I once worked as a substitute teacher in Nashville’s public school system. It was a good experience for me. It supplemented some other work that I was doing, yet gave me considerable flexibility so that I could pursue those other things. When you’re a substitute, you are at the regular teacher’s mercy. She may leave you good lesson plans, disorganized plans, or no plans at all.

My worst day was at a local high school. The students were uninterested and disrespectful. There were arguments and flying desks. At a break, I called the teacher who was sick at home. I asked about his lesson plans and mentioned the students’ poor behavior. “Oh yeah, they’re animals,” he said. I realized that, if the regular teacher can’t control his students, then I certainly can’t. I was a secondary player.

Here’s the thing about being a substitute teacher: the best you can do is the average of what’s been done before you got there.

I’ve led worship in lots of different settings and this is what I’ve observed. Worship leading is a bit like substitute teaching. In most contexts, your role is secondary. Regardless of who is on stage, the congregation takes their “worshipping cues” from the pastor. If worship is not important to the pastor, it’s not important to the congregation.  If the pastor is checked out, it’s much more difficult to engage the people. Of course, no pastor will confess that worship is unimportant. However, body language and decisions that are made can give unintended impressions to the church community.

Now, I don’t blog about how to pastor a church nor am I interested in pointing fingers at our pastors. I just know that leading worship can be frustrating. Sometimes, the people we’re leading don’t seem to “get it.” So, we sing higher, dance harder, and play louder, when all along they might be better served if we took more time with the pastor. Here are a few suggestions:

  • Seek the pastor’s input in song selection. Is there a song that’s been on his heart that he would like the church to sing? What’s he preaching this week? He’ll appreciate your asking, even if he has no preference.
  • Seek feedback from the pastor after the service. And take it gracefully. If he sees that his input matters to you, he’ll become more engaged.
  • Champion your pastor. It’s stinkin’ hard to pastor a church. Yours has plenty of critics. Don’t be one of them.
  • Befriend your pastor. If you can, spend some time outside of “ministry,” just to hang out. This, perhaps more than anything else, will build trust between the two of you.

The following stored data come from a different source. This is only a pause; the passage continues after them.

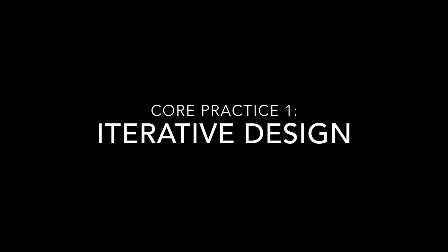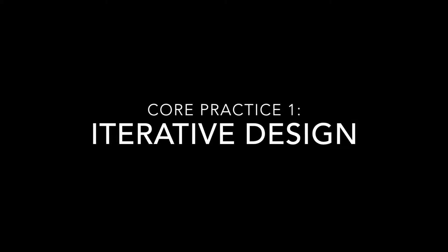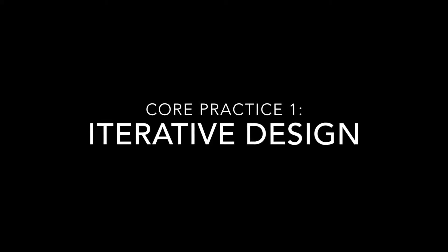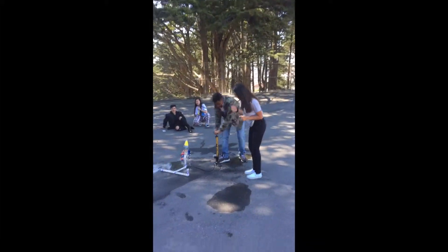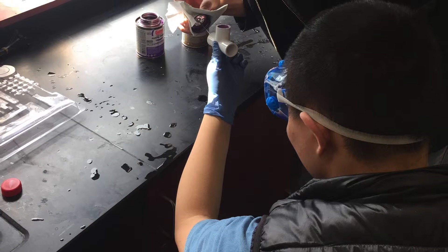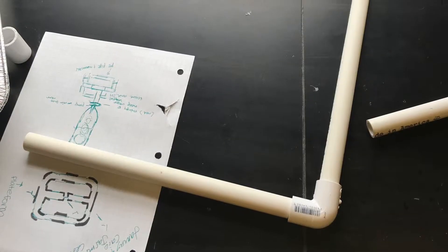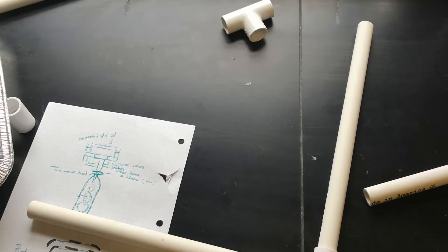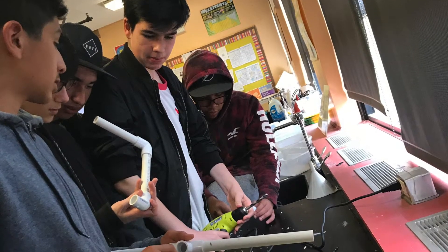The first core practice for this project was iterative design, as it felt essential for students to recognize how their failures informed their eventual successes. Over the course of the project, we completed three test launches and examined strengths and areas of growth. Students made modifications to their launcher and bottle designs after every test launch and had to justify those improvements based on scientific principles, their previous test data, and their explained reasoning.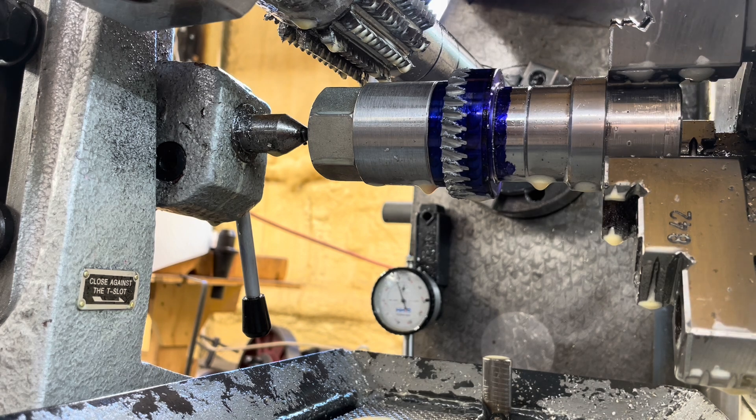I kind of watched myself screw this up a couple of times before I realized that I had the lead correction — the subject of so much of what I've been doing the last few weeks — I got it backwards. I was correcting for a left-handed gear rather than a right-handed gear, and that's going to tend to screw things up pretty badly, as it turns out.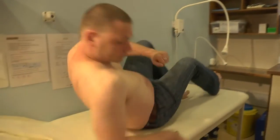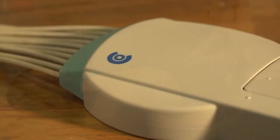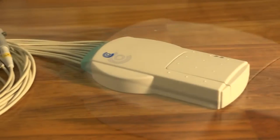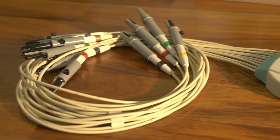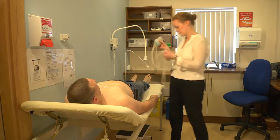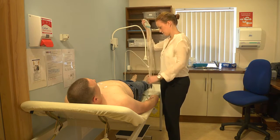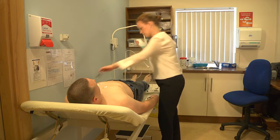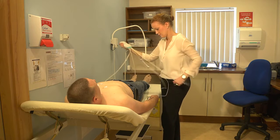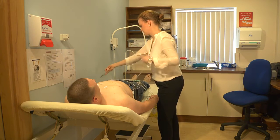Here we are in our surgery. The nurse is going to take an ECG using the Cousteau Cardio Bluetooth ECG — this is an extremely easy device to use in your surgery. Yvonne, our nurse, is going to attach the leads to this patient first. As you can see, she can separate out the leads very easily, which is often a problem because they get tangled up, and she's now going to attach the leads to the patient.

Over to you. How do you foster relationship with your pastor?

2 Comments

  1. dianehurst1 October 1, 2012 at 10:27 am - Reply

    We have a very nurturing pastor, and he is constantly trying to connect with his church family members– for example, if I need to ask him about something I’d better not try to do it after the service, as it will be a LONG wait while he shakes hands and visits will everyone (!) But the way I personally am an encouragement to him is in being available to help with Sunday School. I feel blessed to be in such a close-knit church.

    • Jonathan October 1, 2012 at 9:17 pm - Reply

      Diane,

      That sounds wonderful. I grew up in churches where the preacher shook everyone’s hand on the way out. I haven’t experienced that in a long time.